Coming from childhood spent on several military bases, Nicole has a strong connection to the challenges of military life.  As a member of the FAI (Food Allergy Initiative) Advocacy Steering Committee she has been working to obtain food allergy research funding. Recently she has been gathering letters from members in the military and their families to send to Chairman Bill Young of the House Appropriations Subcommittee on Defense. Many of us in the civilian population may not be aware of the issues that members of the military and their families have with food allergies. They get a school district trained on EpiPens and food allergy awareness, and then they are reassigned and get to start all over again!
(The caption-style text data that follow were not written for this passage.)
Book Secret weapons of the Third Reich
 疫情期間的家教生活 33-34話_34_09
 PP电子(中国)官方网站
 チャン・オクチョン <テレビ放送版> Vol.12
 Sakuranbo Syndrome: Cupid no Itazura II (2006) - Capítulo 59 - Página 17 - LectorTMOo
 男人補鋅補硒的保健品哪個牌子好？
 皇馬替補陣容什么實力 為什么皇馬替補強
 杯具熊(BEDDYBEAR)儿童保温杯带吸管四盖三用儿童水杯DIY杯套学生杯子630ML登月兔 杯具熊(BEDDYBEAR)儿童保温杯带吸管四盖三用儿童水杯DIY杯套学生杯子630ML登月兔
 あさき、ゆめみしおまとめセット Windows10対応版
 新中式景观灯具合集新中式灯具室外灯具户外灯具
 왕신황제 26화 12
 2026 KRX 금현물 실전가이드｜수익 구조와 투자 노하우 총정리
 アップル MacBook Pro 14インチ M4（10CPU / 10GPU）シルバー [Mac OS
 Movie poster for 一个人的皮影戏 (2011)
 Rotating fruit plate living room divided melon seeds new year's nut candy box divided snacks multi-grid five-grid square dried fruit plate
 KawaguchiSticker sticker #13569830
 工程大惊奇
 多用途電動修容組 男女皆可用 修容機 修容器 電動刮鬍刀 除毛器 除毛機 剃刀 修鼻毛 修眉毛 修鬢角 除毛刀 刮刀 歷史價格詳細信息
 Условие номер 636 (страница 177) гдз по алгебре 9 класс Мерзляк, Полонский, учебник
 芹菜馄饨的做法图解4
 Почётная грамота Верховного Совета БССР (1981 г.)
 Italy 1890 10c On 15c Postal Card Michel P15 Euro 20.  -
Food Allergy & Anaphylaxis Network’s Summit Conference 2012

Nicole will be speaking in Chicago, IL and in Anaheim, CA at the Food Allergy & Anaphylaxis Network’s Conference with three other FAAN Executives on the topic of “Advocating for your Child with Food Allergies in Schools.”

I’m looking forward to seeing Nicole present later this week in Chicago at the Food Allergy & Anaphylaxis Network’s Conference. As a food allergy mom and representative of Boulder Allergy Kids, I am so eternally grateful to Nicole for the work she has done for our food allergic kids. She is a true iconoclast in the food allergy community, a mom who has truly made numerous life changing impacts for so many families.

NIcole’s Additional Accomplishments

• Served as Treasurer for the non-profit organization, Kids With Food Allergies, Inc.

• Graduated from George Washington University in Washington, D. C. and went on to work in the field of finance for several years.

• Nicole and her husband, Bob, own Allergic Child Publishing Group, the publishing company for Allie, Cody and Chad.